You should define the stochastic process clearly:
##X(t)## is a random variable given by the distribution:
##P(X(t) = f_r(t)) = r##
##P(X(t) = f_g(t)) = g##
##P(X(t) = f_b(t) = b##
Since you imply the trajectory of the process has only 3 possibilities, we can think of realizing it as making one random draw to determine the value of ##X(0)##. If the draw selects ##f_r## then ##X(t) = f_r(t) = f_r(s)## etc. In other words we don't make a random draw at ##X(s)## and make a different random draw at ##X(t)##.
( Saying "the process has only 3 possible trajectories" is different that saying "at each time t, we select the value of the process from one of 3 possible functions". )
The autocorrelation function is defined by
##R(s,t) = \frac { E ( (X(s) - \overline{X(s)} )(X(t) - \overline{X(t)} )}{\sigma_s \sigma_t}##
Start by finding the constants ## \overline{X(s)}, \sigma_s, \overline{X(t)}, \sigma_t ##.

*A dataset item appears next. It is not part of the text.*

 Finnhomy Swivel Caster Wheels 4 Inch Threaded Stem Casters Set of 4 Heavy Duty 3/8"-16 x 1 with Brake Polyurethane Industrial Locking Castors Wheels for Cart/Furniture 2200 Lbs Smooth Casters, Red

For example, ##\overline{X(s)} = r f_r(s) + g f_g(s) + b f_b(s)##
##\sigma_s = \sqrt{ E(X(s)^2) - \overline{X(s)}^2}##
## = \sqrt{ r f_r(s)^2 + g f_g(s)^2 + b f_b(s)^2 - (\overline{X(s)})^2 } ##
Once you find those constants, the expectation symbol "##E##" implies you compute the expected value of the function ##g(s,t) = \frac { (X(s) - \overline{X(s)} )(X(t) - \overline{X(t)}}{\sigma_s \sigma_t}##
Since we only make one random draw, the function ##g(r,s)## has 3 possible values
##P ( g(s,t) = \frac{( f_r(s) - \overline{X(s)})(f_r(t) - \overline{X(t)})}{ \sigma_s \sigma_t}) = r##
##P ( g(s,t) = \frac{( f_g(s) - \overline{X(s)})(f_g(t) - \overline{X(t)})}{ \sigma_s \sigma_t}) = g##
##P ( g(s,t) = \frac{( f_b(s) - \overline{X(s)})(f_b(t) - \overline{X(t)})}{ \sigma_s \sigma_t}) = b##
Maybe there is some theorem that can be used to avoid all the algebra. (That's not a hint, because, off hand, I don't remember one.)